Accessing data stored on /scratch on one node A from other nodes B, C, D, ... will impact I/O latency for all jobs running on node A!
You have to ensure writing data from nodes B, C, D, ... concurrently to /scratch on node A does not overwrite data already in use
scratch_clean is active (see above)!
- Automatic cleanup per job as shown above has to be replaced by a final cleanup in the last job accessing the data
Public storage
Public storage is accessible widely: On personal workstations, file servers and compute nodes. It is used in the daily work by all D-ITET members.
This storage allows direct access to data from compute jobs without the need to transfer it to local /scratch. Latency is higher because of wide use and network bandwidth.
While this may look like a convenient storage to use for compute jobs, using public storage mandates strict use of the guidelines here to prevent blocking other users!
There are different types of public storage available at D-ITET. Make sure you understand what is available to you and which one to use for what purpose. Details about public storage available at D-ITET is summarized in the Storage overview.
Your supervisor or institutes/groups administrative/technical contact will tell you:
- which storage is available to you from your institute/group
- which storage to use for intermediate, generated data
- which storage to use to store your final results
⚠ For storage without automated backup: Make sure to backup stored data yourself!

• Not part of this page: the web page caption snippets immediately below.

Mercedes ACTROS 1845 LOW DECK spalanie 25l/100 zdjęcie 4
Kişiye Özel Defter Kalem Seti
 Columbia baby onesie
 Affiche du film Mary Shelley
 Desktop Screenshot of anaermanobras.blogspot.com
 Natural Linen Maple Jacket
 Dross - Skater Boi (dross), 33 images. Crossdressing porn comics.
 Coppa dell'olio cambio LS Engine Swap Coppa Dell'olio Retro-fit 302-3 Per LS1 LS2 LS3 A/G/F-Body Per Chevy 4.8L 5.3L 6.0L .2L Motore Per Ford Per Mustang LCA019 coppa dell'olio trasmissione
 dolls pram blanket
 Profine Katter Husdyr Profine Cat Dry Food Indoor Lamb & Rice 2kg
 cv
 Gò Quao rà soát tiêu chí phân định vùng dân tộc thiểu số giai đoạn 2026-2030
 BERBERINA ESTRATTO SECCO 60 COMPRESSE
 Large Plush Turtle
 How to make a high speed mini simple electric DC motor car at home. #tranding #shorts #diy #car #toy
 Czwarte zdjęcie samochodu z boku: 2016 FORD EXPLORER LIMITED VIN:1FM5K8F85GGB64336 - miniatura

⚠ Better, don't store data worthy of a backup on a system without automated backup!
Transferring data
Transfer of a large file between any storage accessible within the D-ITET structure is most efficient with the following rsync commands:
# Minimal output
rsync -a --inplace /path/to/large/origin/file /path/to/copy/of/origin/file
# Add on-the-fly compression if your file is uncompressed
rsync -a --inplace /path/to/large/origin/file /path/to/copy/of/origin/file --compress
# Add verbose output and a progress indicator
rsync -a --inplace /path/to/large/origin/file /path/to/copy/of/origin/file --verbose --progress
In this example there is a significant reduction in use of resources (bandwidth, cpu, memory, time) if a previous version of the target file is already in place, as only changed blocks will be transferred.
A concrete example syncing the file dataset.parquet in the project folder project_one to a (existing) directory with your username on the local /scratch of your (ISG managed) workstation:
rsync -a --inplace /itet-stor/$USER/project_one/dataset.parquet /scratch/$USER/ -v --progress
Tuning Weights & Biases (wandb)
If you use Weights & Biases (wandb), be aware it can create intense I/O on the storage it logs its metrics.
Quote: It is possible to log a huge amount of data quickly, and if you do that you might create disk I/O issues.
In a szenario where many HPC jobs run with wandb using the same storage system for job and wandb data, this can result in a slowdown of any I/O operation for all job submitters. To prevent this, setup wandb as follows:
Use a fast local scratch disk for main and cache directory
Set environment variables to relocate main and cache directories and create these directories in your (bash) job script:
WANDB_DIR="/scratch/${USER}/wandb_dir"
WANDB_CACHE_DIR="${WANDB_DIR}/.cache"
export WANDB_DIR WANDB_CACHE_DIR
mkdir -vp "${WANDB_CACHE_DIR}"
See Environment Variables for details.
If you want to keep this data, remove the cache, copy the main directory into a compressed tar archive away from the local /scratch at the end of a job to a backuped location like a project directory, then delete it from the local /scratch disk:
rm -r "${WANDB_CACHE_DIR}" &&
tar -czf "/itet-stor/${USER}/<your_project_directory>/wandb_${SLURM_JOB_ID}.tar.gz" "${WANDB_DIR}" &&
rm -r "${WANDB_DIR}"
To automate removal, setting a trap as in the example under Local scratch makes sense here as well.
Run wandb offline
Consider running wandb offline.
If necessary, sync metrics at the end of your job as explained in the link above.
Tune metrics collection
Consider tuning your metrics collection parameters for faster logging.